Friendlyway delivered to Big Fish a certificate or certificates for Friendlyway common stock (the “Stock”) representing shares having an agreed aggregate value of One Million Three Hundred Fifty Thousand Dollars (US $1,350,000.00) (the “Stock Consideration”). The number of shares issued for the Stock Consideration was determined by dividing the foregoing agreed aggregate value by the adjusted closing bid price. For purposes of this paragraph, “adjusted closing bid price” shall mean the closing bid price of the Stock on the Closing Date, as reflected on the Over-the-Counter Bulletin Board, reduced by an amount equal to twenty percent (20%) of such closing bid price. Big Fish is additionally entitled to a prorate adjustment to the number of shares issued if the adjusted closing bid price of the Stock is lower on the one year anniversary of the closing than on the date of closing.

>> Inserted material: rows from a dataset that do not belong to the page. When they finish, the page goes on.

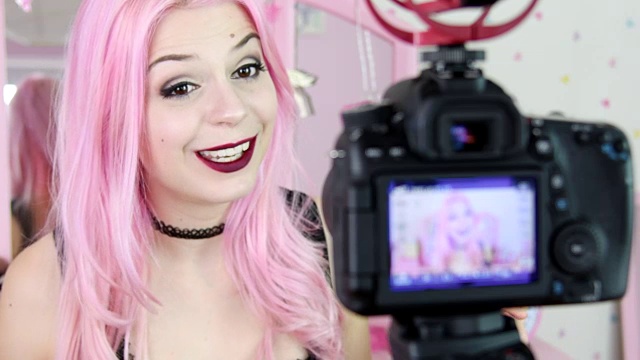 染成粉红色头发的年轻女子在社交媒体上拍摄自己视频素材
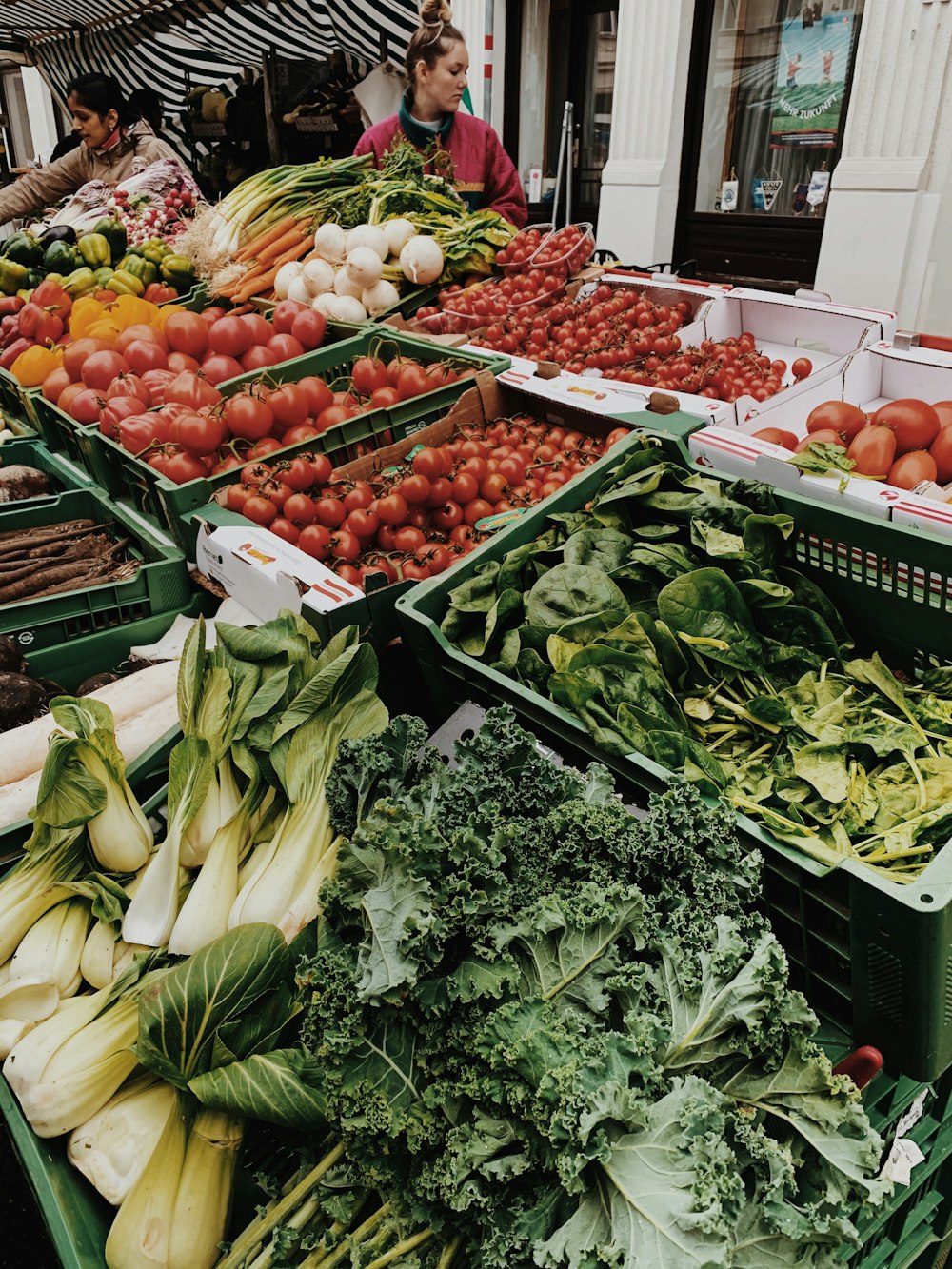 different vegetables on display and women standing near vegetable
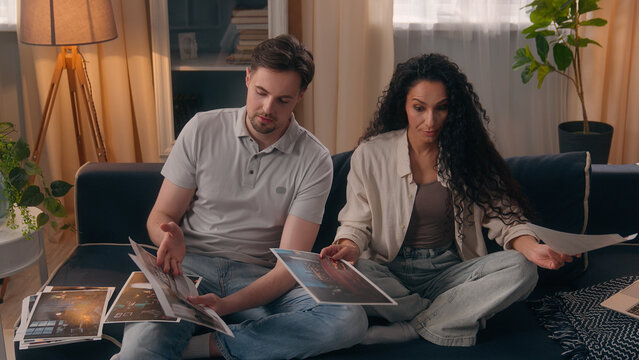 Family relocation repair home house purchase planning couple choose photos of flat interior discuss design arguing pictures conflict disagree talking Caucasian man male guy Hispanic woman female girl - Powered by Adobe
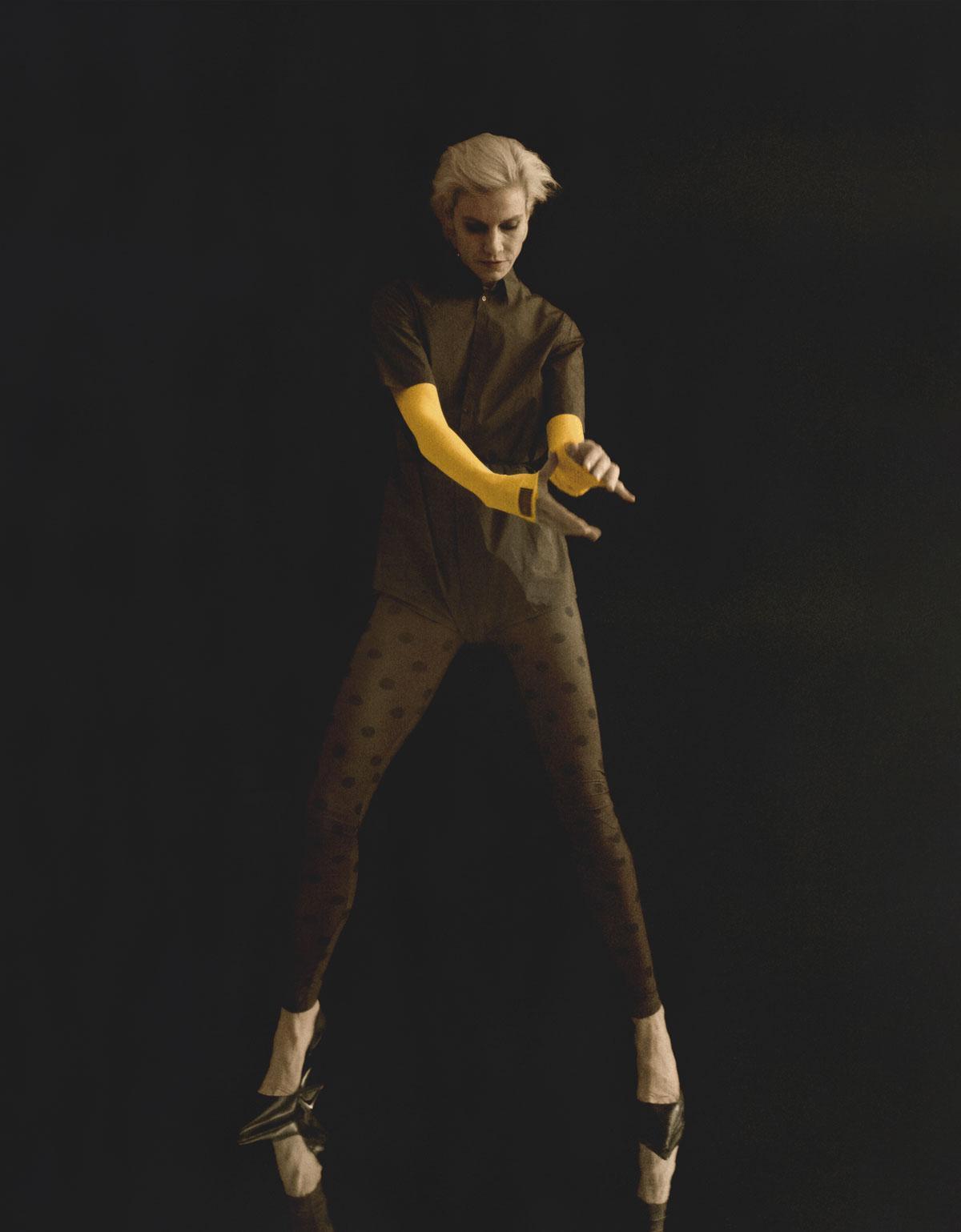 Katoenen hemd met romperafwerking, gele nylon top, bruine nylon legging met stippen en zwartleren sleehakken, alles Raf Simons.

In addition to the purchase price paid at closing, we agreed to issue and deliver Big Fish (or its designees) and Big Fish is entitled to receive one (1) share of Stock for every nine (9) dollars of target revenue generated by Friendlyway’s Big Fish division during each of the twelve (12) months following the month in which the Closing occurs. For purposes of this paragraph, “target revenue” means all revenues in excess of $780,000.00. Any certificate(s) for shares to which Big Fish is entitled pursuant to this sub-paragraph shall be issued by Friendlyway on a quarterly (non-calendar) basis; such certificates to be issued on or before the fifteenth (15th) day of the month following the end of the quarter.

This above description of the Purchase and the transactions contemplated thereby is not a complete description of the terms of the Purchase Agreement or the transactions contemplated thereby and is qualified in its entirety by reference to the agreements entered into in connection with the transaction, copies of which are included as exhibits to this Current Report on Form 8-K.

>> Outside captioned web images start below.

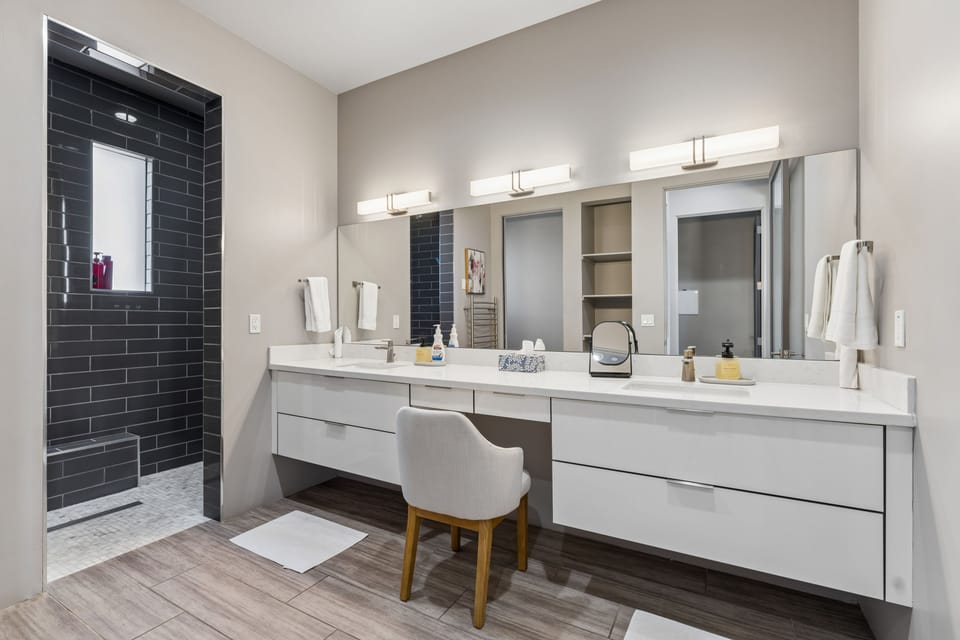 Ensuite bathroom with dual vanity sinks, vanity, and a walk-in shower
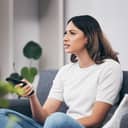 A confused woman holding a remote while sitting on a sofa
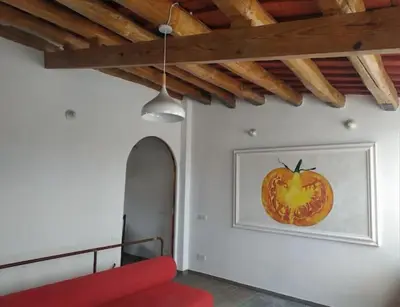 a room with a picture of a pumpkin on the wall at CAM Maresme 1 apartamento Barcelona y playa in Masnou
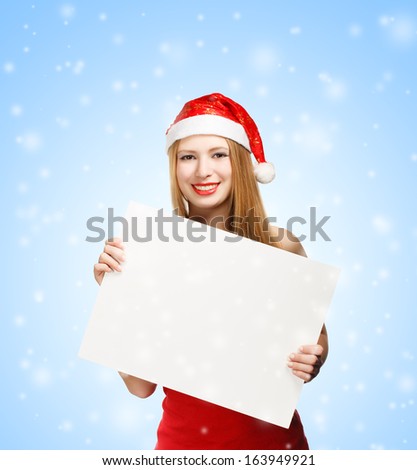 Beautiful young woman in christmas suit holding advertisement on blue snowfall background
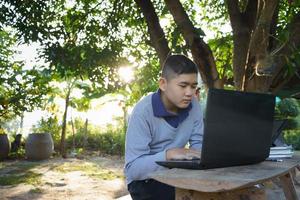 jongen studeert online op een houten tafel met een laptop en tablet tijdens de ochtenduren in een landelijk huis. concept online onderwijs platteland en thuiswerken foto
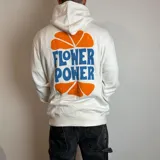 Canguro blanco con capucha, de corte regular, con estampado gráfico en la espalda que incluye la frase 'Flower Power' en letras azules y detalles de pétalos naranjas.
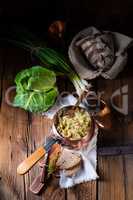 young and fresh cabbage cooked with bacon cubes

SECTION 3 - SECURITIES AND TRADING MARKETS

Item 3.02.
Unregistered Sales of Equity Securities.

In connection with the transactions described in Item 2.01, we issued shares of Common Stock described therein. The shares were issued in reliance on the exemption from registration provided by Section 4(2) of the Act, on the basis that its issuance did not involve a public offering, no underwriting fees or commissions were paid by us in connection with such sale and Big Fish represented to us that is was an “accredited investor”, as defined in the Act.

 
 
 

 


 
SECTION 9 - FINANCIAL STATEMENTS AND EXHIBITS

Item 9.01
Financial Statements and Exhibits.


 
(c)
Exhibits.
 

Number
 
Documents
 
 
 
10.1
 
Agreement and Plan of Reorganization, by and between our company and Big Fish Marketing Group, Inc, dated August 7, 2006 and effective July 26, 2006.
 
 
 
 
 
 
99.1
 
Press Release issued on August 7, 2006.
 


SIGNATURES

Pursuant to the requirements of the Securities Exchange Act of 1934, as amended, the registrant has duly caused this Report to be signed on its behalf by the undersigned hereunto duly authorized.

 
Friendlyway Corporation
 
 
 
 
 
 
Date:  August 10, 2006
By: 
/s/ Ken Upcraft
 
 
Ken Upcraft
 
 
Chief Executive Officer

 


        EXHBIT INDEX
 

Number
 
Documents
 
 
 
10.1
 
Agreement and Plan of Reorganization, by and between our company and Big Fish Marketing Group, Inc, dated August 7, 2006 and effective July 26, 2006.
 
 
 
 
 
 
 
 
 
99.1
 
Press Release issued on August 7, 2006.